Arguments About Media

Last week I received this daily cartoon from Hugh MacLeod

Hugh MacLeod's All Media gaingvoid.com

All Media
With advancements in technology there comes a false sense of ease. One becomes comfortable with increasing amounts of media and with it the ease of operation, media sharing, marketing, etc. One can easily fall into traps formed by the general availability of anything one could want. It’s easily to get caught up in the idea that media appears from the ether seemingly by magic and that when one harnesses the power behind various influential media formats they will miraculously become the ruler of some mythical domain.

Sounds crazy, but it happens.

And there’s the catch. So, yeah, social media is cheap to set up initially, but it requires hours upon hours of constant work and maintenance—often times through efforts of entire teams of people whose entire job revolves around media. There is no “silver bullet” here, and the guy trying to sell you that idea is full of crap.

27 Minutes Later

I received this gem of an email from Seth Godin.  I especially appreciate the last line.

Buying Earned Media

The term has been around since 1988, but it’s not truly understood by many.
You can’t buy earned media.
It doesn’t arrive on schedule.
Earned media isn’t free media, because the amount of time and energy and risk you have to expend to get it is hardly free.
It’s like all the other things we earn. It is worth more precisely because you cannot simply command it to comply.

[An aside: throughout the history of advertising, ad agencies have rarely, if ever, bought ads for themselves. Worth noting that those that would seek to help you generate earned media are much better at taking their own advice.]

My Thoughts

I have had the pleasure of being on both sides of the marketing and advertising coins.  I have worked to develop it and promote it those who buy it and I have purchased it for our business.  From my personal experience, anything editorial that grabs and keeps a readers attention is exponentially more effective than any ad.  This is coming from someone who loves looking at and evaluating advertisements for effectiveness to determine if it would make me or anyone I know act upon it.

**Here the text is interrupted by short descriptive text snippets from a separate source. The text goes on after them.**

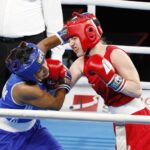 15.04.2021 Kielce. Młodzieżowe Mistrzostwa Świata Kobiet i Mężczyzn w Boksie. Walka: Karolina Ampulska - Polska (strój czerwony) i Maria Jose Martinez Henao - Kolumbia / Jarosław Kubalski / Radio Kielce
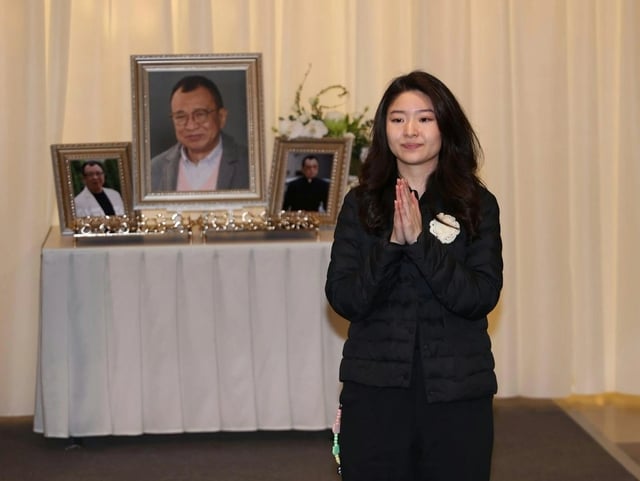 ไมเคิล มิว, ชาร์เมน เชห์ และ บอสโก หว่อง… ร่วมไว้อาลัย 'บอสตัวประกอบ' ฮิวจ์ ชอว์ - ภาพที่ 9 Miêu Kiều Vỹ, Xa Thi Mạn, Huỳnh Tông Trạch… viếng 'trùm vai phụ' Hứa Thiệu Hùng- Ảnh 9.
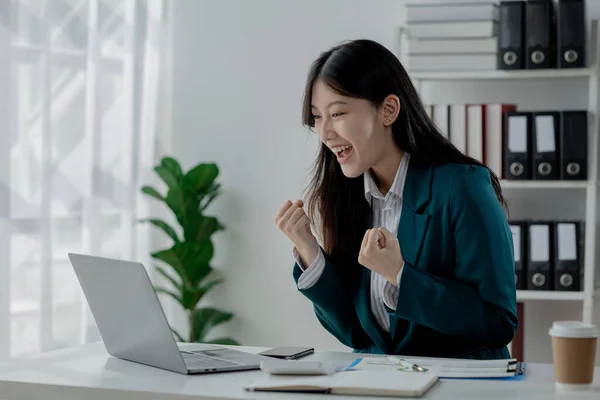 Using a laptop to discuss work in the company, Presentation of successful work, Check email with a smartphone and receive good news, Present documents in business meetings.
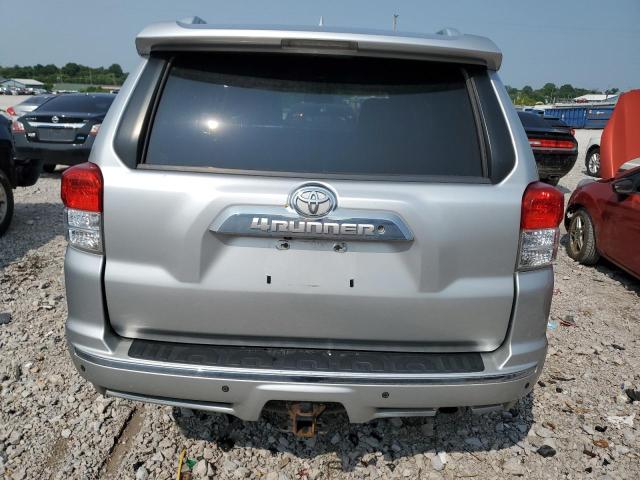 JTEBU5JR9B5072842 - 2011 TOYOTA 4RUNNER SR5 SILVER photo 6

But mediums are in constant change.  My email inbox tends to be filled daily with more advertising messages and I am constantly unsubscribing for emails I can’t remember subscribing to.  And when I do read something or see it on a “news” show, sometimes it is difficult to determine what is just unbiased content and what is really advertising in a vehicle dressed a little differently.  I guess this comes with reality TV not being real.

Word of mouth continues to grow in effectiveness and the bigger the mouth, the better.  Yesterday, I received an email from the crafting store Michaels with a headline that they were on The Ellen DeGeneres Show again.

I can tell you this though, I do not understand why the advertising messages I see on the sidelines of of my Facebook areas were made for people interested in purchasing photography.  Yes, I am a photographer and I like photography but I am not interested in buying from another photographer and if I were advertising there, I wouldn’t want to be paying for my competitors to see what I am up to.

And for now, I’m not going to pay more to get my blog feeds without advertisements, as I have now trained myself not to see or be bothered with them.

Ironies

I do think it is ironic that two marketing icons that I follow are verbally confronting their industry brothers and sisters who selling the smoke and mirrors to the people who want /need to sell something.

Before closing, I have to bring notice to the portion of Hugh MacLeod’s write up above that I bolded about about social media being cheap to start but expensive in time standards (and time is money) to maintain.   When I dreamed of being a photographer over a decade ago when “real” photographers worked with medium format cameras, I never thought about having to spent more time on social media than doing the art part.  Thankfully, I like it all but I do recognize there is now a tug-a-war between creating art and creating the buzz necessary for today’s bombarded consumer.  The times they are a changing which means the processes and costs are being reshuffled.